Okay, yes, let's get it all out in the open now so that it’s not awkward later - the comedic element in the movie ‘Sex Tape’ is not meant to be derived from the idea of Cameron Diaz and Jason Segel as a legitimate married couple. Nor are we supposed to laugh trying to believe that Diaz’s ripping body has supposedly bore not one but two children.
No, just as the title suggests, our primary couple Jay and Annie, busy little bees that they are and having been together since college, have lost that spark and time to do what couples are supposed to do. So during a rare child-free night, the pair try to get that magic back.
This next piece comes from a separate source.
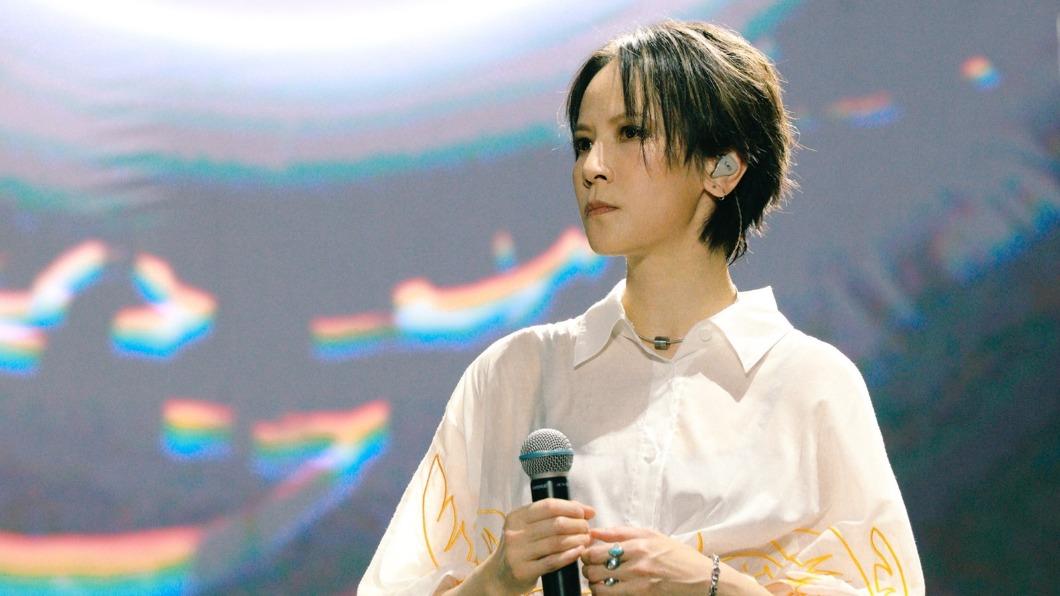 金曲歌后唱一半「歌迷拉布條狂喊2訴求」　她神祕解答了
After a few disastrous attempts, they decide to make their very own porno using a new iPad with fantastic video resolution.
The event would be a smashing success if it weren’t for “the cloud” - that mysterious invention that everyone uses yet no one seems to know just how it works or, more importantly, how to stop it. It’s eventually discovered that Jay has not only failed to delete the video but it’s actually synched to all the old iPads they’ve given out to friends, family - and even the mailman - over the years. With the added pressure of a mysterious benefactor haunting them and the clock ticking, Jay and Annie spend the night tracking down the iPads and the video trail with the help of their best friends Tess (Ellie Kemper) and Robby (Rob Corrdry).
Diaz and Segel have once again teamed up with their 2011 hit, ‘Bad Teacher’ director Jake Kasdan. That familiarity has played a huge part in this film, considering the frequent nudity by our stars, and let's not forget the reason we’re all here... the graphic sex tape.
Funnily enough, the bulk of the laughs come from the support cast, including Rob Lowe and a choice secret cameo, while Cameron and Jason play the real yet slightly depressing couple struggling to come to terms with the events that led to them needing to make the tape in the first place. However it's the tape itself, finally revealed in the last 10 minutes, that draws the biggest LOL moments. The previous 84 minutes of the film trot along nicely, yet only inspire a smile and a few short-lived giggles.
This sadly isn’t the comedy classic you’d hope it to be, but it ticks a couple of the right boxes here and there.